Though it’s thrilling to gain the title of homeowner, it’s critical to understand the financial realities that come with this exciting, newfound responsibility. A mortgage catapults your finances into an entirely new realm and it’s important to grasp how it’ll impact your overall budget. The first step in this process is to seek council from an experienced loan officer and discover what you qualify for.
How Do I Qualify For A Mortgage?
The one factor a loan officer will check during the qualification process is your debt-to-income ratio. Once you provide the necessary documents, your loan officer will look at your monthly income versus your monthly debt. Your debt-to-income ratio is calculated by adding up your monthly debt payments and dividing that number by your gross monthly income.
Here’s an example from the Consumer Financial Protection Bureau:
If you pay $1,500 a month for your rent, and another $100 a month for an auto loan and $400 a month for the rest of your debts, your monthly debt payments are $2000. ($1,500 + $100 + $400 = $2,000.) If your gross monthly income is $6,000, then your debt-to-income ratio is 33 percent. ($2000 is 33 percent of $6,000.)
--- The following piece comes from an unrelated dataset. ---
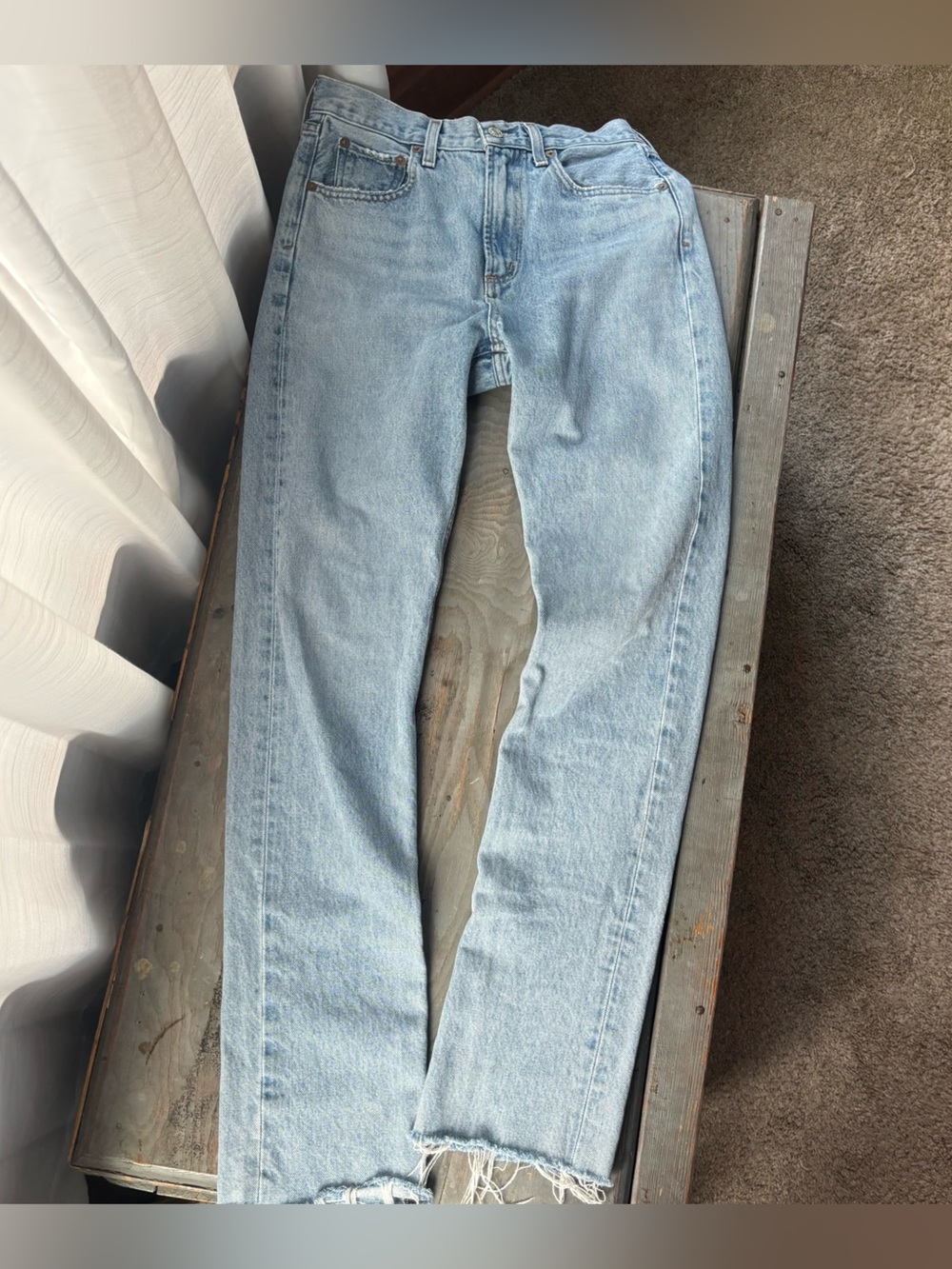 Agolde Cherie high rise straight leg jeans | size 25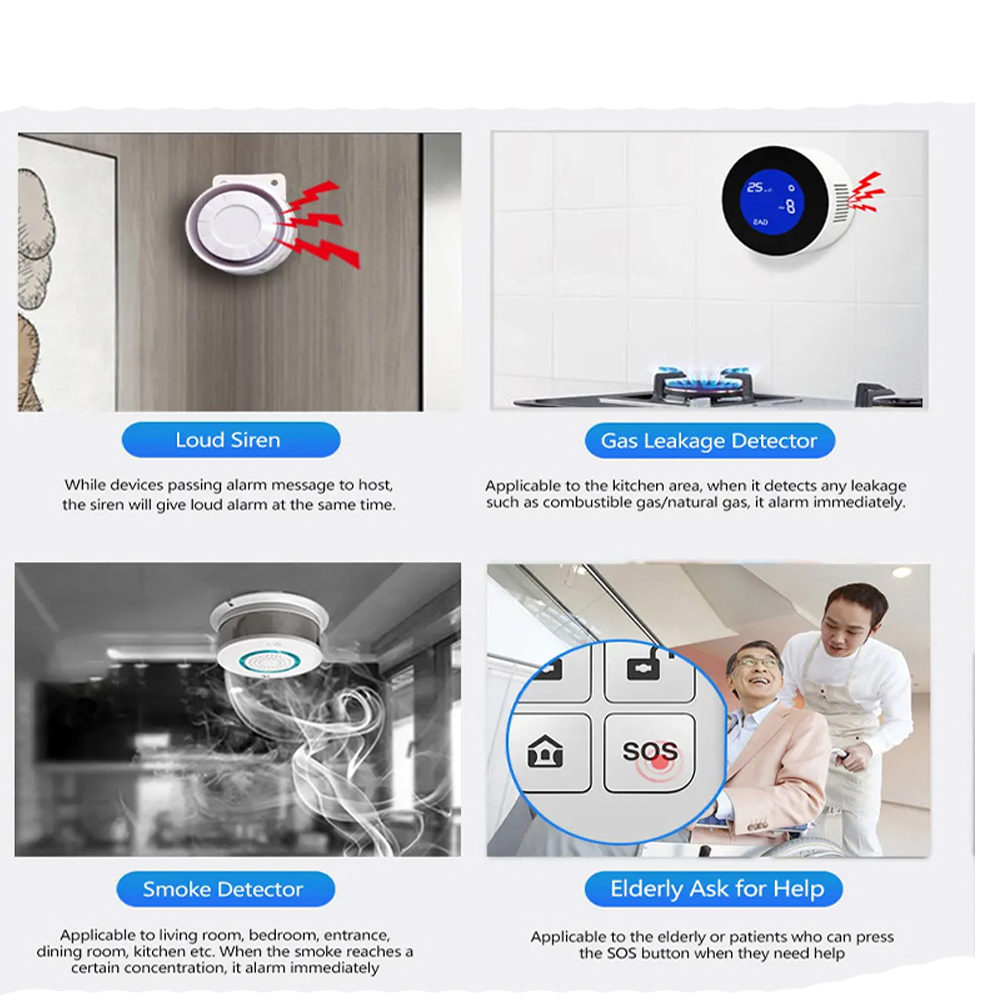 PGST 4G Tuya Smart Home Alarm  – Sim Gsm Alarm Bewertung und Preis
A high debt-to-income ratio suggests concerns making a monthly mortgage payment and may lead to problems repaying the loan. Any number below the standard 43 percent is generally considered acceptable when qualifying for a mortgage.
How Much Can I Afford?
Now that you have a better understanding of what a loan officer will look at, you’re probably wondering what you can realistically afford. The biggest element in determining what is obtainable will be the down payment you’re able to initially put down. Traditionally, 20 percent of the home’s asking price is standard – anything above the 20 percent benchmark almost guarantees a better rate or term. On the other hand, anything below 20 percent may require additional mortgage insurance to protect against potential default. However, don’t worry if you don’t have 20% to put down – PrimeLending offers a wide range of loan options that require low to no down payment.